Evidemment, les services de renseignement ne tardent pas à repérer Rahhal, puis, moyennant finance, à le ‘récupérer’. Mettant alors à profit ses talents de blogueur, Rahhal se lie avec les taupes du gouvernement, et répand sur la puissante revue électronique Hot Maroc les rumeurs assassines et les fake news. Autant de clins d’œil à l’humour décapant, stimulant sans arrêt l’intelligence, tissant, au passage, une complicité extraordinaire avec le lecteur en l’invitant sans cesse à faire les rapprochements nécessaires. 
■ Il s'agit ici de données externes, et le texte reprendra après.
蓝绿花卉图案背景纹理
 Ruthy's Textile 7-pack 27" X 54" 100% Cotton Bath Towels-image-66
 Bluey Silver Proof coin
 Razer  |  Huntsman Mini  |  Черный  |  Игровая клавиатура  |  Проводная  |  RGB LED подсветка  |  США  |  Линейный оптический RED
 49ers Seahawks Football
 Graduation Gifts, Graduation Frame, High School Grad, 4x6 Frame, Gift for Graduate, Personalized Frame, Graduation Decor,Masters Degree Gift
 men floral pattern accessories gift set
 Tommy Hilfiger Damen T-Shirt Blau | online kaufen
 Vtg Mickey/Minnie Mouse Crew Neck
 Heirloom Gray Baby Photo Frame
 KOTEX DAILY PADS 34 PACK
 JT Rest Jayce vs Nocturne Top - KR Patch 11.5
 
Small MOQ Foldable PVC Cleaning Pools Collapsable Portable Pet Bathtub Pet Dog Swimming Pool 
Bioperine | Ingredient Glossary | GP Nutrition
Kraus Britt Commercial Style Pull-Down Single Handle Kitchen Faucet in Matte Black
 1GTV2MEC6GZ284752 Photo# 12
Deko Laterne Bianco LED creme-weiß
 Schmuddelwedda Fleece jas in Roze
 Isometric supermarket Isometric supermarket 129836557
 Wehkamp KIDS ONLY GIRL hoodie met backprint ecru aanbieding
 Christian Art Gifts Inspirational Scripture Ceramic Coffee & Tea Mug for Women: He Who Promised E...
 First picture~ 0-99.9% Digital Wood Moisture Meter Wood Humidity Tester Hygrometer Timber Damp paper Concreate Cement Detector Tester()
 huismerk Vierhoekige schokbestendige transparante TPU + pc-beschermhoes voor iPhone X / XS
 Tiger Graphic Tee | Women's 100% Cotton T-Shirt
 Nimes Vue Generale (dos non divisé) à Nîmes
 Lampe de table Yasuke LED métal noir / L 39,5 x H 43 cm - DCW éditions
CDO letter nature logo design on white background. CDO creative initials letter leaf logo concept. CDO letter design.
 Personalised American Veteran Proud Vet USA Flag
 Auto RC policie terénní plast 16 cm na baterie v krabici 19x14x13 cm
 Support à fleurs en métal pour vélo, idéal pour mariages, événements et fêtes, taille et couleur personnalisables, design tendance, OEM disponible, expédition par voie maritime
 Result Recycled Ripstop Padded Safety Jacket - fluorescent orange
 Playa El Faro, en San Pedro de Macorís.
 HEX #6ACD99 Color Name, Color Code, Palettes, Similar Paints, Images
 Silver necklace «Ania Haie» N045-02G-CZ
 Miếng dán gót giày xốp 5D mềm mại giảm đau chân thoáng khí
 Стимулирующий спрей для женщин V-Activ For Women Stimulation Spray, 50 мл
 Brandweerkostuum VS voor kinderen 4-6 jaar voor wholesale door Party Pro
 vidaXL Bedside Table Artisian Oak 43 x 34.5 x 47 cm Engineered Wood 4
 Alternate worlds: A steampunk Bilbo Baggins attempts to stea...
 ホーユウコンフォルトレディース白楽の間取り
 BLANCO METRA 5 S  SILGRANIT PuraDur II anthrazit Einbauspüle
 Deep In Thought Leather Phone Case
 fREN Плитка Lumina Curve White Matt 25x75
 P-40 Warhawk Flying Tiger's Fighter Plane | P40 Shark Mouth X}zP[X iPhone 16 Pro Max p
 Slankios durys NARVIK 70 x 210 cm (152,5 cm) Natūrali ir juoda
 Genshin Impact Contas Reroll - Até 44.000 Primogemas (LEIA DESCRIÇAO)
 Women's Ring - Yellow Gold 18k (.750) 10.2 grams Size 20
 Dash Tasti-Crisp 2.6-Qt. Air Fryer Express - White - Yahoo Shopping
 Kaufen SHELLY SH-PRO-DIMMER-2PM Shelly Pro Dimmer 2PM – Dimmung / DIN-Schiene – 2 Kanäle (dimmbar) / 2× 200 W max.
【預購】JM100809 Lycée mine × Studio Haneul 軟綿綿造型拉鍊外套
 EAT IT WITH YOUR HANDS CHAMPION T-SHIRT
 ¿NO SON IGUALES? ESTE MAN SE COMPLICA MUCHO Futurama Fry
Hot Maroc est un roman captivant qui bouscule la tradition littéraire arabe. Avec subtilité, l’auteur y multiplie les événements des personnages et transforme souvent leurs désopilantes péripéties en une prise de conscience lucide et positive. Tissé d’humour et d’ironie mais également d’innombrables références religieuses et littéraires, il possède toutefois, sa portée idéologique dans la mesure où il nous livre une tout autre réalité marocaine. Certes, l’esprit de dérision y court en filigrane, mais le roman reste néanmoins un réel témoignage sur le Maroc des années 1980, lorsque la marche vers une démocratie moderne s’est trouvée bloquée, à l’ombre du pouvoir, par les bourgeois affairistes, les prédicateurs islamistes démagogues, les gauchistes verbeux ou encore la presse à scandale.

Yassin Adnan, Hot Maroc, traduit de l’arabe (Maroc) par France Myer, Sindbad/ACTES SUD, Paris, mars 2020, 464 pages/24 €/ 17,99 € numérique.